- Совсем не больно,- солгал он.- Расскажете мне когда-нибудь о том, как вы воевали? Мне бы хотелось послушать.
Она не ответила и стала наматывать ему на руку и плечо полосу из своей нижней юбки, к счастью, не промокшей под дождем.
Он было заметил, что повязка слишком толстая и рука не влезет в рукав.
-И не надо, ответила Соррел.- Вам придется держать ее на перевязи. И не возражайте. Помните, я надеюсь на ваше послушание в этом вопросе.
Он рассмеялся.
- Ваша взяла. А вот плащ я и в самом деле не собирался надевать, потому что его наденете вы. Он не такой мокрый, как ваше платье, и, если мы не хотим, чтобы завтра вы лежали с высокой температурой, вам надо обогреться и обсушиться. Конечно, лучше всего было бы раздеть вас, но я не смею. Итак, я вам подчинился. Теперь ваша очередь.
Соррел возразила, что она уже почти обсохла, но он все же заставил ее накинуть его плащ и снять совершенно мокрые башмаки, после чего растер ей ноги. Такую услугу ей могли бы оказать и мама... и даже кузина, но едва он прикоснулся к ее ногам, как она вспыхнула и испугалась, как бы ее не выдал предательский румянец.
И все же ей очень понравилась его забота. Ощущение было непривычным и на редкость приятным, пусть он даже не понимал, насколько его усилия необязательны.
Маркиз заставил Соррел пересесть по-, ближе к огню и проговорил печально:
- Если бы я знал, как все обернется, я бы захватил одеяла и еду. Как бы вы ни храбрились, боюсь, к утру мы изрядно замерзнем.
- Нет, что вы! Мне уже тепло, благодаря вам. Мне бы ни за что так не развести огонь. Правда. Вы же видите, какая я послушная.
Она и правда проявляла редкое послушание, тем более что ее уже клонило в сон и ей стоило неимоверных усилий держать глаза открытыми. Маркиз с удивлением посмотрел на нее, словно только что осознал, как она права.

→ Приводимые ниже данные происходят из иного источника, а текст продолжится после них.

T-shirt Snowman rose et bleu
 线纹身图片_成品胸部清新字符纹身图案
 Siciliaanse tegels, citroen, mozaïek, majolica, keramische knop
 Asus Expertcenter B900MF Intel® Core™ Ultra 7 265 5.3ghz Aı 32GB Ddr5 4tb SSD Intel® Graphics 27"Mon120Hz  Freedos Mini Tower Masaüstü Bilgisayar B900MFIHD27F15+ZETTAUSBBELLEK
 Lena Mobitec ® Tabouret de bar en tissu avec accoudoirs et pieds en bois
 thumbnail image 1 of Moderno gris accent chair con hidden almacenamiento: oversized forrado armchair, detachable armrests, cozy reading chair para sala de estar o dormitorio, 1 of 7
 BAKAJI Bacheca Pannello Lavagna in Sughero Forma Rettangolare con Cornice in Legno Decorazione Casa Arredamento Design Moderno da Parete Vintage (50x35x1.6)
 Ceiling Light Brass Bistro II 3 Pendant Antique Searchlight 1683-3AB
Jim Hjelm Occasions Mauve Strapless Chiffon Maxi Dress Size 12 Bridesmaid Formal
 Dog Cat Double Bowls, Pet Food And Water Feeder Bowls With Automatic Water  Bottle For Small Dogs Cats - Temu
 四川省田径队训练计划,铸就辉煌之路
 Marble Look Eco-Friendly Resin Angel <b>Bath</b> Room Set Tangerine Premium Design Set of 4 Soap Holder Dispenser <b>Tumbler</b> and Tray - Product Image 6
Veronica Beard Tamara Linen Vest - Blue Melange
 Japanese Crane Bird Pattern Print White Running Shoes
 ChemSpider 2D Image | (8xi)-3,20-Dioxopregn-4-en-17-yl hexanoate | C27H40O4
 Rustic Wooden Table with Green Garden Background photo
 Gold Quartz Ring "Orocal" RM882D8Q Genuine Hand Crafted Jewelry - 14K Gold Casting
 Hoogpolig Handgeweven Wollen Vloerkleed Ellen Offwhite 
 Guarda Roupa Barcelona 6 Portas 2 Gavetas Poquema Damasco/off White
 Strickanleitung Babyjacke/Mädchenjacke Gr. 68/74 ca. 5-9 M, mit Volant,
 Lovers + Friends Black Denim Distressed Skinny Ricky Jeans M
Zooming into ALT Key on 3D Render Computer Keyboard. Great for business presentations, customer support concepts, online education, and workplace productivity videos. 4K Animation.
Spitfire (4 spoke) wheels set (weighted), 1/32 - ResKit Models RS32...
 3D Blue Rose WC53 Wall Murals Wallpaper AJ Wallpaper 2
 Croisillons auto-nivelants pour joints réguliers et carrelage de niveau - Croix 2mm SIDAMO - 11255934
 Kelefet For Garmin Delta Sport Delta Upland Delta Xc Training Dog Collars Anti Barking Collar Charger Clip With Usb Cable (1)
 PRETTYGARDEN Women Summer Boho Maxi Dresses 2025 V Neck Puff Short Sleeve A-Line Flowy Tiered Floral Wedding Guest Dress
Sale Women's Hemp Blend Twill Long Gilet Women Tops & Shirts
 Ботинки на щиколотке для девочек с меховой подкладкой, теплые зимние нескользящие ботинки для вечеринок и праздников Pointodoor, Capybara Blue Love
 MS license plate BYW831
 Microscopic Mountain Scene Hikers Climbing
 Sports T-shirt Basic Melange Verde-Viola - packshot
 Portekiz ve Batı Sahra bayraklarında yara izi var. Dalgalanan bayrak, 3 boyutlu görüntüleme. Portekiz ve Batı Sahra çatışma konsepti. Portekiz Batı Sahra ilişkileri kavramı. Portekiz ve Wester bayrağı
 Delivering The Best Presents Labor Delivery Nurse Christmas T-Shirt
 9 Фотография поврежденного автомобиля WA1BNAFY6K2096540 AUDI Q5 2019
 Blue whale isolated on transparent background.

- И верно. Послушная. Надолго ли? Еще я боюсь, что мое общество не очень вас радует, иначе вы бы не зевали столь неделикатным образом. Мисс Кент! Нет, ничего. Спите! Мне ни к чему такая сонная собеседница, зато вы выспитесь на славу.
Соррел оглянулась и с изумлением увидела что-то вроде постели из веток, покрытых отлично высохшим плащом. Но ведь это не она, а он нуждался в отдыхе. Маркиз как будто заранее ждал ее возражений и опередил ее.
- Только не спорьте! Я отлично высплюсь на полу, ведь, уверяю вас, мне это привычно.
Соррел по его лицу поняла, что спорить в самом деле бесполезно, поэтому, ни слова не говоря, улеглась на импровизированную кровать, оказавшуюся на редкость удобной.
Маркиз встал на одно колено, чтобы подоткнуть под нее плащ, и Соррел увидела на его лице удивление и еще что-то, ей непонятное.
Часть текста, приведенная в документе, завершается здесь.